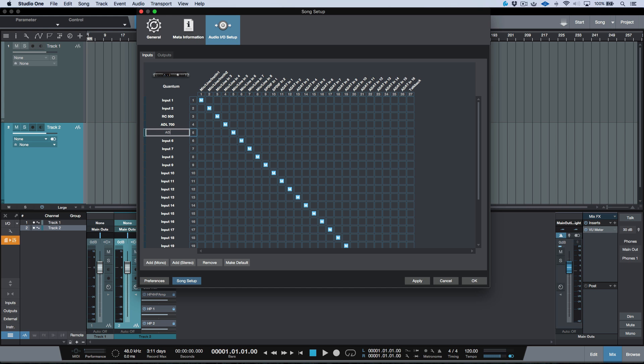So on this one, we'll say ADL600, and in brackets we can put left. And on this one, we'll say ADL600, and in brackets we'll put right.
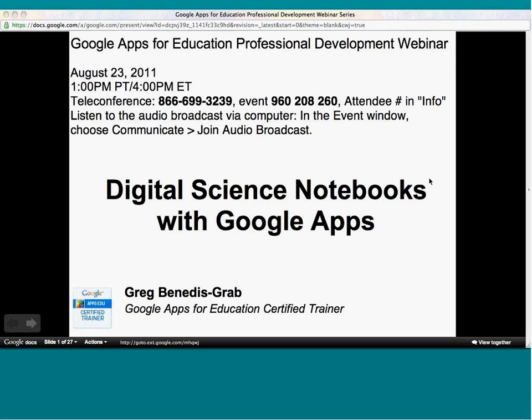Now I'm going to move the presenting role over to our Google Apps for Education certified trainer who is leading the webinar today. Greg, feel free to begin sharing the application and go ahead and introduce yourself.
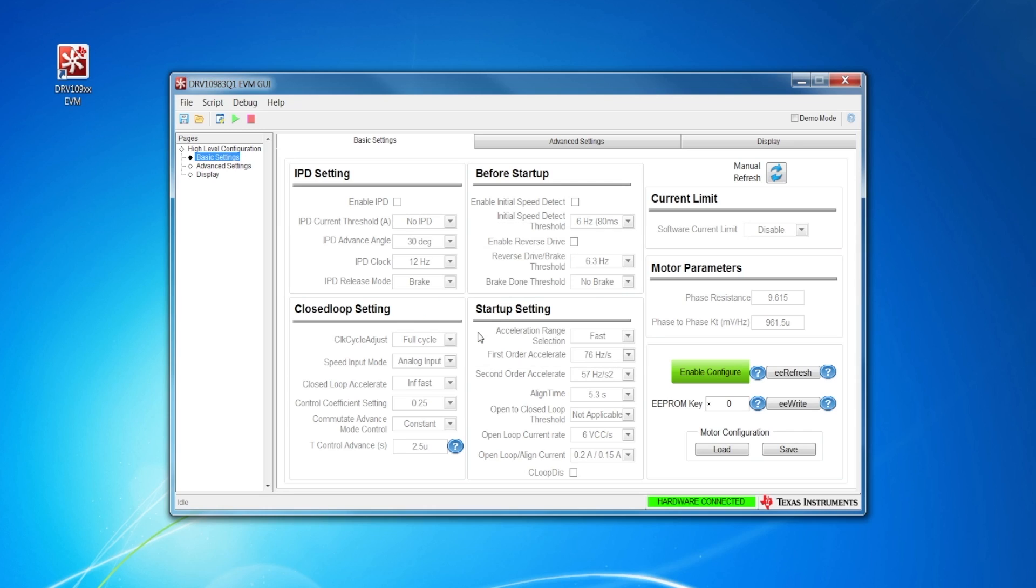For example, the parameters of the motor I'm using are optimized accordingly with correct motor parameters such as KT value and motor resistance.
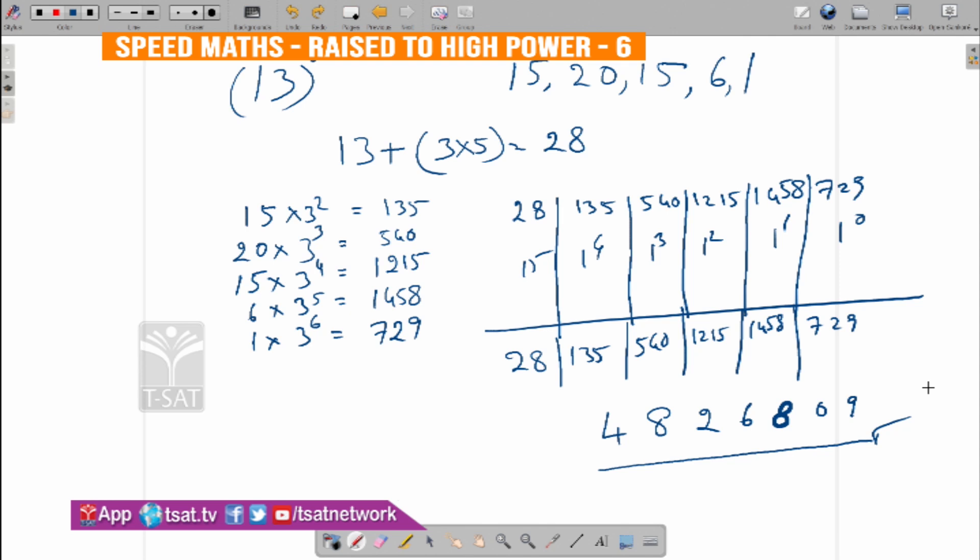The first step is 13 plus 3 to the power of 6, which means 3 to the 5th. 3 to 5, 15, plus 28. Once the sequence starts: 3 squared, 3 cubed, 3 to the power of 4, 3 to the power of 5, 3 to the power of 6.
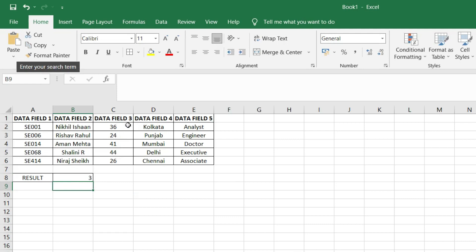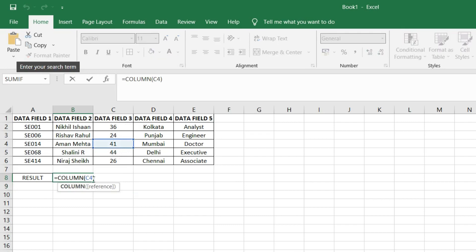Similarly, we will see other column numbers corresponding to the cell references. We obtain the other values like 5 as the cell reference lies in the fifth column.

----

Exercise directions |
Your answer should be every entry repeated exactly, minus the pictures.

Task response |
So on this one, we'll say ADL600, and in brackets we can put left. And on this one, we'll say ADL600, and in brackets we'll put right.
Now I'm going to move the presenting role over to our Google Apps for Education certified trainer who is leading the webinar today. Greg, feel free to begin sharing the application and go ahead and introduce yourself.
For example, the parameters of the motor I'm using are optimized accordingly with correct motor parameters such as KT value and motor resistance.
The first step is 13 plus 3 to the power of 6, which means 3 to the 5th. 3 to 5, 15, plus 28. Once the sequence starts: 3 squared, 3 cubed, 3 to the power of 4, 3 to the power of 5, 3 to the power of 6.
Similarly, we will see other column numbers corresponding to the cell references. We obtain the other values like 5 as the cell reference lies in the fifth column.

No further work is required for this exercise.